A salmon swims for many miles upstream in a monumental effort that ends in it's death, in order to pass on it's genes.
A peacock grows a big showy tail in order to pass on it's genes. Both have developed useful strategies based on thier environments- environments that include other animals, including those of their own species.
I see a difference that makes it meaningful to talk about sexual selection as a special case, but there is no way in which it is fundamentally different from other forms of selection.

Then again, I'm probably just making a stupid semantic argument. :P

ImaginalDisc
22nd January 2006, 11:50 PM
Well, any definition of natural selection just shows that those animals that fail to reproduce don't pass on their genes. Thus those that do pass on their genes tend to have genes that are better at being passed on.
Big antlers are just one strategy to getting your genes passed on, as are courtship displays. The selection pressure is somewhat special in that it comes from the opposite sex, but what makes it meaningful is still natural selection - the preferential reproduction of certain traits (and I know, that's a poor definition, but I'm writing quickly).

A salmon swims for many miles upstream in a monumental effort that ends in it's death, in order to pass on it's genes.
A peacock grows a big showy tail in order to pass on it's genes. Both have developed useful strategies based on thier environments- environments that include other animals, including those of their own species.
I see a difference that makes it meaningful to talk about sexual selection as a special case, but there is no way in which it is fundamentally different from other forms of selection.

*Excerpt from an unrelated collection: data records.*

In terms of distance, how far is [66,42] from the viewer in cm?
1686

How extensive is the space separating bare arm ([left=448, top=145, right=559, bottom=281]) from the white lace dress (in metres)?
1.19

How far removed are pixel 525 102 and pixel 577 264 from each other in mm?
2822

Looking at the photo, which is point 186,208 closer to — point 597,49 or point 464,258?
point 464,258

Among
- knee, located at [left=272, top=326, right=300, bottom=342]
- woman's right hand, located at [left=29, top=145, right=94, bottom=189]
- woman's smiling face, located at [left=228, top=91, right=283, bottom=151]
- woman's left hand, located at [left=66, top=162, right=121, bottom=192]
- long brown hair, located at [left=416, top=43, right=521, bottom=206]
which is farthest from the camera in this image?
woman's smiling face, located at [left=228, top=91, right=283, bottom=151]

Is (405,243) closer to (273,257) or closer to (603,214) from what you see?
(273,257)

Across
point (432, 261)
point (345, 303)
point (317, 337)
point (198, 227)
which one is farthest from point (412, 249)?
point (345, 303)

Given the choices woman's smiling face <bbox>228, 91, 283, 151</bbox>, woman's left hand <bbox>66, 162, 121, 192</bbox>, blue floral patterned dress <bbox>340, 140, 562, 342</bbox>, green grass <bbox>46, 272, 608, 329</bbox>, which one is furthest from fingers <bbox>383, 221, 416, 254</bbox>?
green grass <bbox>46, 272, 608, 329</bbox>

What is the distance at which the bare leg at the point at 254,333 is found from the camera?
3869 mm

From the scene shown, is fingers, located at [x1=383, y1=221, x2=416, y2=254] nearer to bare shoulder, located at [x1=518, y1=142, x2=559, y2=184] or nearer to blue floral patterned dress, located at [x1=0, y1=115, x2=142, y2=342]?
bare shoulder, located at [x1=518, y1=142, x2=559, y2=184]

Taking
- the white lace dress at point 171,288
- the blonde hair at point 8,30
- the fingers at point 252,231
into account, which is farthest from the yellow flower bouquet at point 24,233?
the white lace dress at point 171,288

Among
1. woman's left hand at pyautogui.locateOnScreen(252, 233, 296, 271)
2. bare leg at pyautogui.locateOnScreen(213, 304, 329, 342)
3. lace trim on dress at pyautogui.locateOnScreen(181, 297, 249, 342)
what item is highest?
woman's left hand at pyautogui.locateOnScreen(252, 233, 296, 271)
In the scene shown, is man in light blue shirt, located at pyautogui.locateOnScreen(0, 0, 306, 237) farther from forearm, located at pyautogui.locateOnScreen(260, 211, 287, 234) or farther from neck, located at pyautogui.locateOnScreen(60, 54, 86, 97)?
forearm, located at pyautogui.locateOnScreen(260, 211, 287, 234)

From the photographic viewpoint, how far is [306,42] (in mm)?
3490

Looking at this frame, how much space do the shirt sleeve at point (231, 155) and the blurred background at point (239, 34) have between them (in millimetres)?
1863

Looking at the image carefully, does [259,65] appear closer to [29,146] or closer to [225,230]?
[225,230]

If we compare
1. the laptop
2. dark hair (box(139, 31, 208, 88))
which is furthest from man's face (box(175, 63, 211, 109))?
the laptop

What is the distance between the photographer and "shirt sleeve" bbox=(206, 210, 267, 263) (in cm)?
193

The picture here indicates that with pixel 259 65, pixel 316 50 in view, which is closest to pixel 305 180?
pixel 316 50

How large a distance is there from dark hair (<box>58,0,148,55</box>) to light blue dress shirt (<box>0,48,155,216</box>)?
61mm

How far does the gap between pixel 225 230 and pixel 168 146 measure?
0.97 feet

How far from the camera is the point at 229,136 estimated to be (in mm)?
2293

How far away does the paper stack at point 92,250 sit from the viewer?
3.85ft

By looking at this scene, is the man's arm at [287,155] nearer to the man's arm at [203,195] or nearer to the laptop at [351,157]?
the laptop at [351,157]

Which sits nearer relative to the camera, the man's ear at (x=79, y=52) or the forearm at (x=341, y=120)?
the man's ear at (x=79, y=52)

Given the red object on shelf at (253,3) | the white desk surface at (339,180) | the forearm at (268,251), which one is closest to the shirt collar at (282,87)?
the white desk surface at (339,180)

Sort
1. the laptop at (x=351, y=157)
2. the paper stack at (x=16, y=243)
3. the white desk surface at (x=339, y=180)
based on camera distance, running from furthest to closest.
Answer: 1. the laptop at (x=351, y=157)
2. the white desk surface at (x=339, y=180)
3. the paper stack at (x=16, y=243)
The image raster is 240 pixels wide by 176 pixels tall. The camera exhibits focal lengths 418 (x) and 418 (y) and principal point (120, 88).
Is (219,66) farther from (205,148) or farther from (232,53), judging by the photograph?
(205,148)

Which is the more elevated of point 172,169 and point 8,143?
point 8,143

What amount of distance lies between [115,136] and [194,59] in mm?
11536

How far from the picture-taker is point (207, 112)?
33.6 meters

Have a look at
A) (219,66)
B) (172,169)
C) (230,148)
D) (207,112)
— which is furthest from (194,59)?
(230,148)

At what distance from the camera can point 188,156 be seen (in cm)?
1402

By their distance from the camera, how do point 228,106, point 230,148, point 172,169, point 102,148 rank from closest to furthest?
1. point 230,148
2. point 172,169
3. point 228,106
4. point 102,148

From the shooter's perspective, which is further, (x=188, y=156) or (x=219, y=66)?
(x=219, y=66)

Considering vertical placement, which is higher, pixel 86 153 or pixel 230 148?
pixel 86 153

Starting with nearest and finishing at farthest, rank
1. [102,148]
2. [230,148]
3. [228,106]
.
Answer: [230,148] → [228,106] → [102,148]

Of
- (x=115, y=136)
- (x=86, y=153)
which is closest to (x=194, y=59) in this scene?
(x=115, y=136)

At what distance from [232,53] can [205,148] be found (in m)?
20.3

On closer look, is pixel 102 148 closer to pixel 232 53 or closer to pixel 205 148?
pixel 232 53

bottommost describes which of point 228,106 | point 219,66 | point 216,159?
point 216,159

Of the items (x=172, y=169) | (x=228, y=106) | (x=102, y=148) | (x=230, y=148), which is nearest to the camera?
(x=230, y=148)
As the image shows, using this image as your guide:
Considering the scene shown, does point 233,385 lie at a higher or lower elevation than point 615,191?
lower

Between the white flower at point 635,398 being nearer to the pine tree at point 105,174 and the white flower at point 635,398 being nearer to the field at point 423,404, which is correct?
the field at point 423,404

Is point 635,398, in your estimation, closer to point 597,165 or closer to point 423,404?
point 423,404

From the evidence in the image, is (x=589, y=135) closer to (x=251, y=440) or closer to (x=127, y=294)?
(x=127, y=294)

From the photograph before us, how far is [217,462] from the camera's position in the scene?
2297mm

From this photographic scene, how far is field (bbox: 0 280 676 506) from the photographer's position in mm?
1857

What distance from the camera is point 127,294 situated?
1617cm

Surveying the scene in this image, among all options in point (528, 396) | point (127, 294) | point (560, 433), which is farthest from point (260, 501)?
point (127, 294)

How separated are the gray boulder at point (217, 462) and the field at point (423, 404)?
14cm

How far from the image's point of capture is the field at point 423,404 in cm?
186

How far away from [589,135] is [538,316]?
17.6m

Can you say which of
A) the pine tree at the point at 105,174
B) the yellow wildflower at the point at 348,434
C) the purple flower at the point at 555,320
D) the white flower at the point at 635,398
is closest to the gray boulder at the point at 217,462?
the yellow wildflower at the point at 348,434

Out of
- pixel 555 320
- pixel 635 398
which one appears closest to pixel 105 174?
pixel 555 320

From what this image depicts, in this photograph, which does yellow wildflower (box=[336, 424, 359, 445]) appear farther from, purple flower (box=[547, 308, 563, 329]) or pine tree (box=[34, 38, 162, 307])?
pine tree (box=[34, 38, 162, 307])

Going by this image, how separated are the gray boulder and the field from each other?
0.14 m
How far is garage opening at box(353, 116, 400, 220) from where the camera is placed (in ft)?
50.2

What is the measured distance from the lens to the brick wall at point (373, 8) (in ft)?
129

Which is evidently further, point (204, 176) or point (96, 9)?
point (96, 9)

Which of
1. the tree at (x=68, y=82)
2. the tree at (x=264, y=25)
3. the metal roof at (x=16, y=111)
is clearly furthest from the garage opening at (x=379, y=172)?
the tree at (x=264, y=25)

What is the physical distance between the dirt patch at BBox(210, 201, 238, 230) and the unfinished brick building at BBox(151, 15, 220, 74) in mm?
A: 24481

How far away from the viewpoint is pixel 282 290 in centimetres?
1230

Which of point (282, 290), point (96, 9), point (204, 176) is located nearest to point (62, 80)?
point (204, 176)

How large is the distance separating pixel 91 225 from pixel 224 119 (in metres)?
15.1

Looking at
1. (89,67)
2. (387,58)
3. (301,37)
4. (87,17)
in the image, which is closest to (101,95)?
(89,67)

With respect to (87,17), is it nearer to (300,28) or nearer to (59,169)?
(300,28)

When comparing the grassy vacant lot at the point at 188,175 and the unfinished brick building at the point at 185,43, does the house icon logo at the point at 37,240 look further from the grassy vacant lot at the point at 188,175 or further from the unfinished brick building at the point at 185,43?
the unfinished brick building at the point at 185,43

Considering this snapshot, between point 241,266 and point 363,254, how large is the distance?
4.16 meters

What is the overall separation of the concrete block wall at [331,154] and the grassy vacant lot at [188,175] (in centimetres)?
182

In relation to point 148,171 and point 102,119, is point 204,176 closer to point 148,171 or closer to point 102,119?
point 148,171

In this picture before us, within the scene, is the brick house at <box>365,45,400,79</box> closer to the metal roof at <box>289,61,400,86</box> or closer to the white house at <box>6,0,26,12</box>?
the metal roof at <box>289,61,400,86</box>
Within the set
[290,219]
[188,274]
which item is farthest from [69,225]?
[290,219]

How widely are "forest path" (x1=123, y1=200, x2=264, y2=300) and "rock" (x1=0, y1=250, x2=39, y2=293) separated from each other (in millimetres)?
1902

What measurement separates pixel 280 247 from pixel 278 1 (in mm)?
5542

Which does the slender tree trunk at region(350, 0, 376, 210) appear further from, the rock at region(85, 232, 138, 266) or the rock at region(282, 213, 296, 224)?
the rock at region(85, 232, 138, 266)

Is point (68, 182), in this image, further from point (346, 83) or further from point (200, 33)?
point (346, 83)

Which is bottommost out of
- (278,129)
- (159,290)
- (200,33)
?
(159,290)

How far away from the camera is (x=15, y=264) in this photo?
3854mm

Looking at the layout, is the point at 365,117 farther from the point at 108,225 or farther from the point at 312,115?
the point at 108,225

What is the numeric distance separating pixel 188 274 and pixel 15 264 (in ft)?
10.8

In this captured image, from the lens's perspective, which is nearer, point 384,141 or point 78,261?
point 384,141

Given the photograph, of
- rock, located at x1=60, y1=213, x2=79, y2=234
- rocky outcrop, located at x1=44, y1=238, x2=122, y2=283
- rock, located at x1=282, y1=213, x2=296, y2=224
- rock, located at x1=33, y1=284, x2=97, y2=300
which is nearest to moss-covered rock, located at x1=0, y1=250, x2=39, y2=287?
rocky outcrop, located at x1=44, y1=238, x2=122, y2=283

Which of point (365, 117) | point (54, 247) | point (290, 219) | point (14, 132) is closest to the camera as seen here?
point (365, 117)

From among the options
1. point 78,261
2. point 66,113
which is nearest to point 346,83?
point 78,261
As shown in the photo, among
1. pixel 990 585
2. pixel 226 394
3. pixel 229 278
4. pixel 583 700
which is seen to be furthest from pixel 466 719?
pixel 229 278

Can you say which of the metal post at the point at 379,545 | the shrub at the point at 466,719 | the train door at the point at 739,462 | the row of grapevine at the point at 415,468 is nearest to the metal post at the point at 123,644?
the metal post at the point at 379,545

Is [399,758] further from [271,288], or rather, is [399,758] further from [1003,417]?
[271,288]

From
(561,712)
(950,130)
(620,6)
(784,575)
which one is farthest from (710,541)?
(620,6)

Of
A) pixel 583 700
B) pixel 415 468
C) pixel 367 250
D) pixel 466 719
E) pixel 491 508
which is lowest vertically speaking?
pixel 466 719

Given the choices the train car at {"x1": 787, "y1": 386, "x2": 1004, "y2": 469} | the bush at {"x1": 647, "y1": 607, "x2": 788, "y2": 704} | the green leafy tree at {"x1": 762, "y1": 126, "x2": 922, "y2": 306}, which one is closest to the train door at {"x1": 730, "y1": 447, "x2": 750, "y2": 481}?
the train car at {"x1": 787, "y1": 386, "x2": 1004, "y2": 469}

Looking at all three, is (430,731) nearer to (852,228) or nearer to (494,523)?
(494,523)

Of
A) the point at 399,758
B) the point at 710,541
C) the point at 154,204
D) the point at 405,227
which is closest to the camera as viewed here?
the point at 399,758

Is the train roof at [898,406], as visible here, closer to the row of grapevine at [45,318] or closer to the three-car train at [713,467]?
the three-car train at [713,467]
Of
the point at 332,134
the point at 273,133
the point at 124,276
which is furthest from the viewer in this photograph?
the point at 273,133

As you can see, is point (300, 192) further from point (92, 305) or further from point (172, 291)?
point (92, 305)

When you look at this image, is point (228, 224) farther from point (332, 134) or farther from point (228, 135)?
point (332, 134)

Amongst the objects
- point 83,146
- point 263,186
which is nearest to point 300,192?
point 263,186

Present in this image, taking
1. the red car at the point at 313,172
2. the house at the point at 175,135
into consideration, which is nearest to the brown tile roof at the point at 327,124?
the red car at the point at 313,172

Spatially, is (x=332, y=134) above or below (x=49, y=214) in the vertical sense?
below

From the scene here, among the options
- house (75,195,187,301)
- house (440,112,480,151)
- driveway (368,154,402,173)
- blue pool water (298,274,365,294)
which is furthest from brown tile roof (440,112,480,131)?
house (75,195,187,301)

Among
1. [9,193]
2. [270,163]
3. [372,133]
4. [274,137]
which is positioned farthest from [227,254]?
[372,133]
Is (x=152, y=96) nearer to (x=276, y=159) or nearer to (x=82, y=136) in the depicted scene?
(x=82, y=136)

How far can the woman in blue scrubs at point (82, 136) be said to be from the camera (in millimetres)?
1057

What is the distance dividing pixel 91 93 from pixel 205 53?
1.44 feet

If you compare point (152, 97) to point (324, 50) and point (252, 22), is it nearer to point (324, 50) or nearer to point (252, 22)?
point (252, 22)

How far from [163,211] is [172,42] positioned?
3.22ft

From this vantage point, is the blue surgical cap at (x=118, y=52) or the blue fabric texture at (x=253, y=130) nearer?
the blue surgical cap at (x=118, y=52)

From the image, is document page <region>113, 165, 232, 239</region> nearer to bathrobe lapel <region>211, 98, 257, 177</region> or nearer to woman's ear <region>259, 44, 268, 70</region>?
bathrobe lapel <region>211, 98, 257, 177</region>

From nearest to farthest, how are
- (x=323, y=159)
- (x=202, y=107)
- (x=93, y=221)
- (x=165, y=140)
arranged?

Then again, I'm probably just making a stupid semantic argument. :P
No, it's not a silly semantic arguement. Adaptations which help an animal reproduce are great, but a lot of those adaptations cause the animal to suffer greater risks, from predation especially. In some cases, the cost of sexually desireable traits becomes prohibative, so it's sometimes useful to consider sexual selection and natrual selection as seperate pressures.